*Work to be completed*. Every line of the listing below must be printed again exactly, apart from its pictures.

*Data provided*.
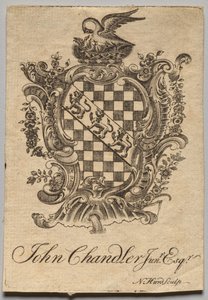 Bookplate: Brasão de armas com John Chandler Jun.r, Esq. inscrito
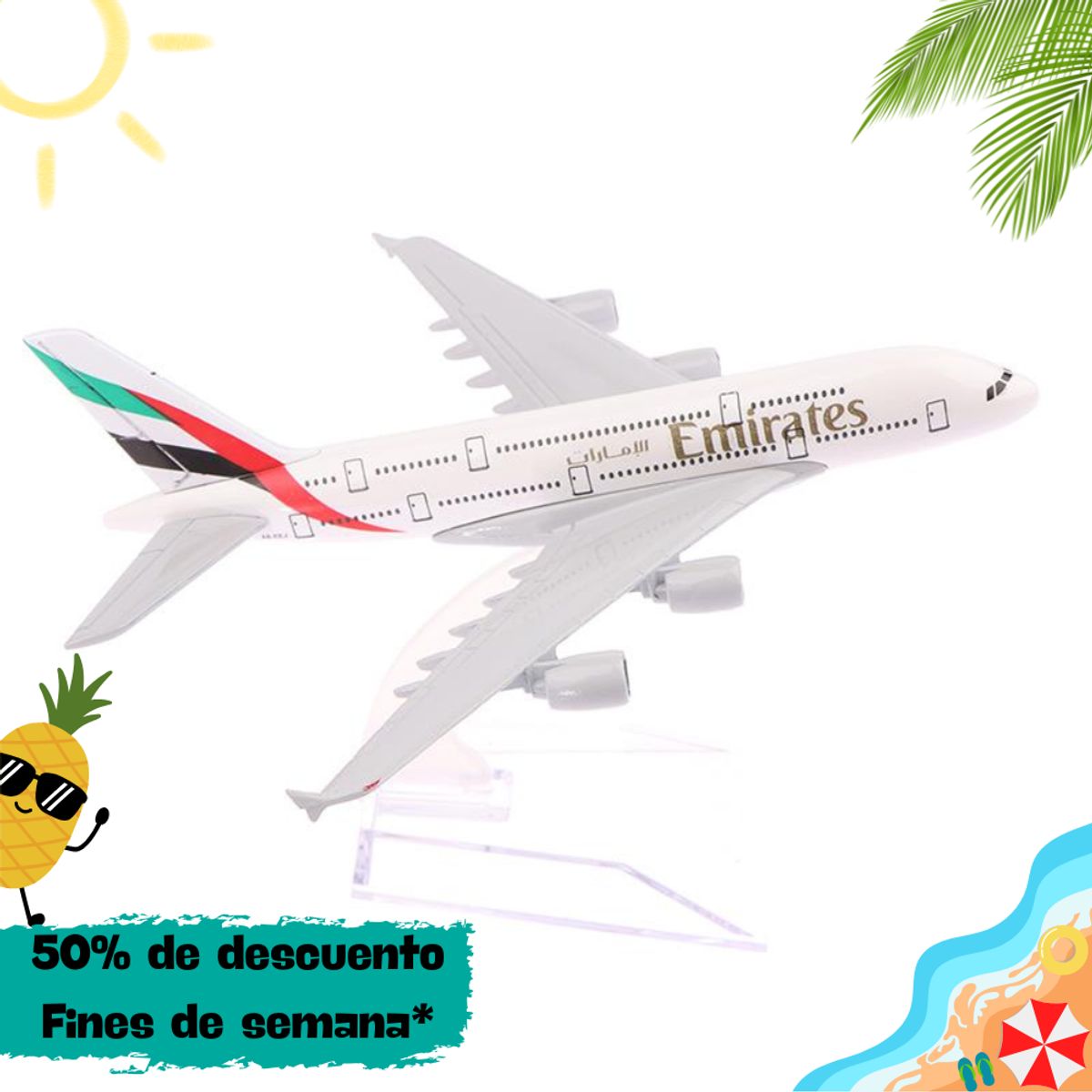 GENERICO - Avión de Metal a escala 15cm AIRBUS A380 EMIRATES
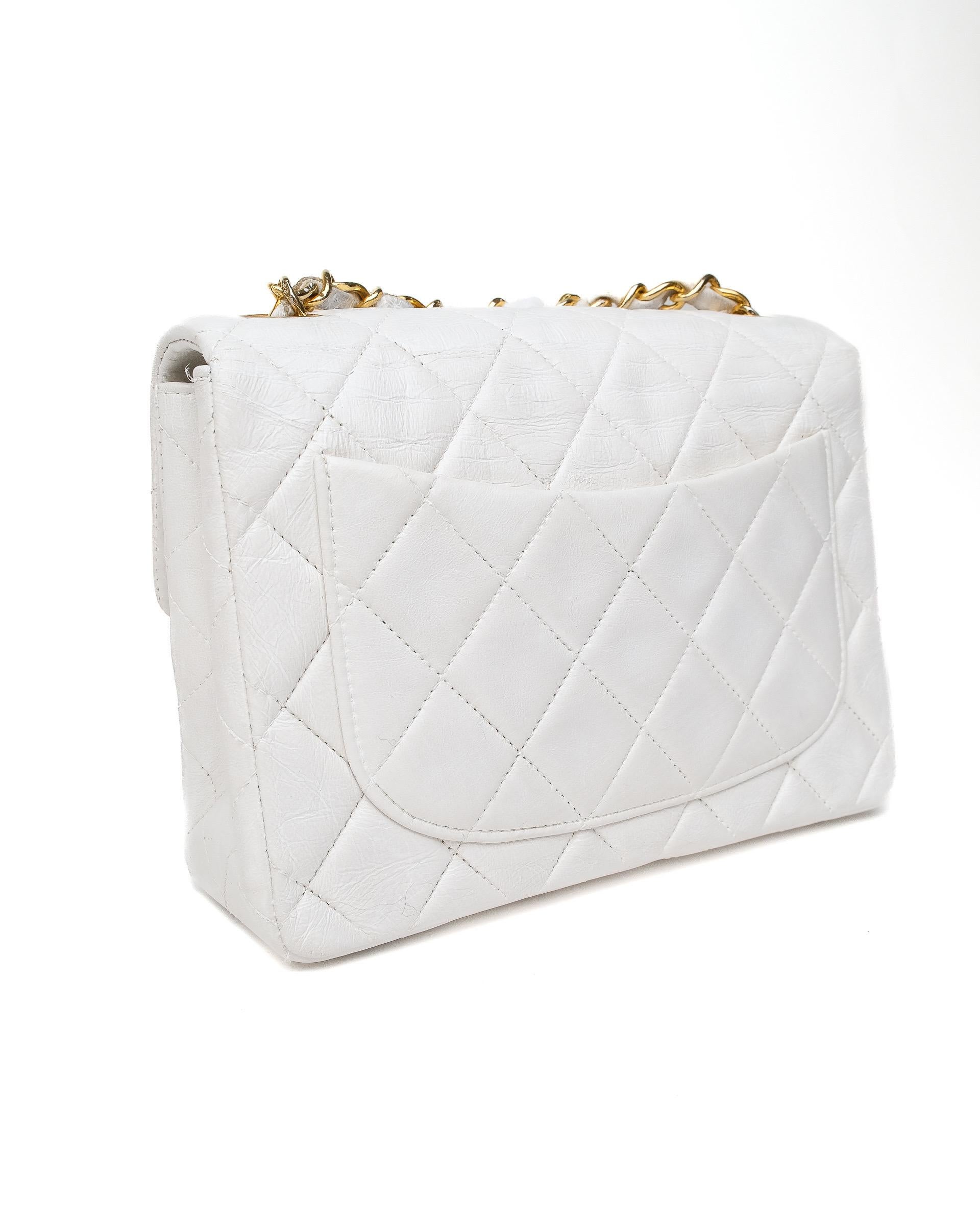 Chanel Mini Flap Timeless Bianca Borsa A Spalla For Sale at 1stDibs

*Written response*.
 Bookplate: Brasão de armas com John Chandler Jun.r, Esq. inscrito
 GENERICO - Avión de Metal a escala 15cm AIRBUS A380 EMIRATES
 Chanel Mini Flap Timeless Bianca Borsa A Spalla For Sale at 1stDibs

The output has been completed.